Python 在删除行的同时，将符合条件的数据框中的行中的列合并_Python_Pandas_Dataframe

Python 在删除行的同时，将符合条件的数据框中的行中的列合并

python pandas dataframe

Python 在删除行的同时，将符合条件的数据框中的行中的列合并,python,pandas,dataframe,Python,Pandas,Dataframe,背景信息这个问题与我以前的经历密切相关。不幸的是，虽然只是一个普通的例子，但它不够具体，无法应用于我的个人问题。这就是为什么这个问题更具体示例-代码片段 import pandas as pd import numpy as np inp = [{'ID_Code':1,'information 1':[10,22,44],'information 2':[1,0,1]}, {'ID_Code':2,'information 1':[400,323],'information

背景信息

这个问题与我以前的经历密切相关。不幸的是，虽然只是一个普通的例子，但它不够具体，无法应用于我的个人问题。

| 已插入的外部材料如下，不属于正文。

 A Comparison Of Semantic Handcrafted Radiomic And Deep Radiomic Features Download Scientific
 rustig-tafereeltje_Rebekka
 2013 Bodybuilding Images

这就是为什么这个问题更具体

示例-代码片段

import pandas as pd
import numpy as np

inp = [{'ID_Code':1,'information 1':[10,22,44],'information 2':[1,0,1]},
       {'ID_Code':2,'information 1':[400,323],'information 2':[1,1]},
       {'ID_Code':2,'information 1':[243],'information 2':[0]},
       {'ID_Code':2,'information 1':[333,555],'information 2':[0]},
       {'ID_Code':3,'information 1':[12,27,43,54],'information 2':[1,0,1,1]},
       {'ID_Code':3,'information 1':[31,42,13,14],'information 2':[1,0,0,0]},
       {'ID_Code':3,'information 1':[14,24,34,14],'information 2':[1,0,1,1]},
       {'ID_Code':4,'information 1':[15,25,33,44],'information 2':[0,0,0,1]},
       {'ID_Code':5,'information 1':[12,12,13,14],'information 2':[1,1,1,0]},
       {'ID_Code':5,'information 1':[12,12,13,24],'information 2':[1,0,1,1]},
       {'ID_Code':5,'information 1':[21,22,23,14],'information 2':[1,1,1,1]},
       {'ID_Code':6,'information 1':[10,12,23,4],'information 2':[1,0,1,0]},
       {'ID_Code':7,'information 1':[112,212,143,124],'information 2':[0,0,0,0]},
       {'ID_Code':7,'information 1':[211,321],'information 2':[1]},
       {'ID_Code':7,'information 1':[431],'information 2':[1,0]},
       {'ID_Code':8,'information 1':[1,2,3,4],'information 2':[1,0,0,1]}]


df = pd.DataFrame(inp)

df1=df.groupby("ID_Code")["information 1"].apply(list).to_frame()
df2=df.groupby("ID_Code")["information 2"].apply(list).to_frame()
df3=pd.concat([df1, df2],axis=1, sort=False)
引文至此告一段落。